So my goal is to write the code sample that illustrates this point or prove that such examples are only theoretically true and weird on practice.
P.S. #everybody_who_also_knows_that_auto_ptr_is_deprecated
I also know this. But don't you consider technical reasons (legacy code or old compiler) that may not allow new pointer containers usage?
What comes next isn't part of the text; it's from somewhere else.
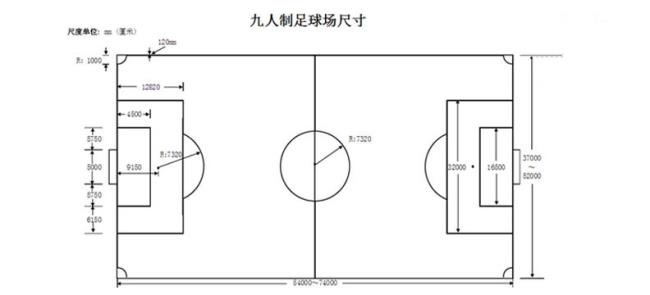 九人制足球场尺寸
And moreover this question is about old and bad (if you'd like) auto_ptr.

I don't have MSVC right now, but judging from the error from g++, I guess this is the reason:
auto_ptr<T> only has a "copy constructor" which takes mutable references (§D.10.1.1[auto.ptr.cons]/2­–6):
auto_ptr(auto_ptr& a) throw();
template<class Y> auto_ptr(auto_ptr<Y>& a) throw();
But vector::push_back will accept a const reference (§23.3.6.1[vector.overview]/2).
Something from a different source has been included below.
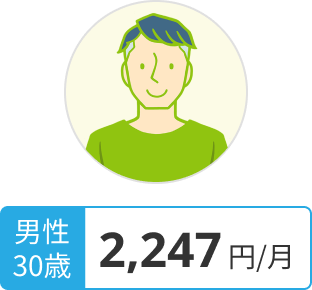 終身がん保険の保険料例 男性30歳 2,247円/月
void push_back(const T& x);
So it is impossible to construct an auto_ptr via push_back because no constructor takes a const reference.

From what you write, it seems that you already know everything that there is to know about containers of auto_ptrs and why they are unsafe.
Therefore, I assume that your interest in containers of auto_ptrs is purely teaching oriented. I understand your frustration in attempting to build a deliberate counter-example: in fact, most implementers of standard containers have put in place work-arounds to avoid accidentally triggering the broken semantics of auto_ptrs.
So, here's an example that I have written myself precisely for teaching:
class MyClass {
int a;
public:
MyClass (int i) : a(i) { }
int get() const { return a; }
};
int main() {
constexpr unsigned size = 10;
std::vector< std::auto_ptr<MyClass> > coap;
coap.resize(size);
for (unsigned u=0; u<size; u++)
coap[u] = std::auto_ptr<MyClass>( new MyClass( rand() % 50 ));
std::sort( coap.begin(), coap.end(),
[]( std::auto_ptr<MyClass> a,
std::auto_ptr<MyClass> b) { return a->get() < b->get(); });
}
Compiling it with g++ 4.9.2 will lead to an executable that will segfault nicely.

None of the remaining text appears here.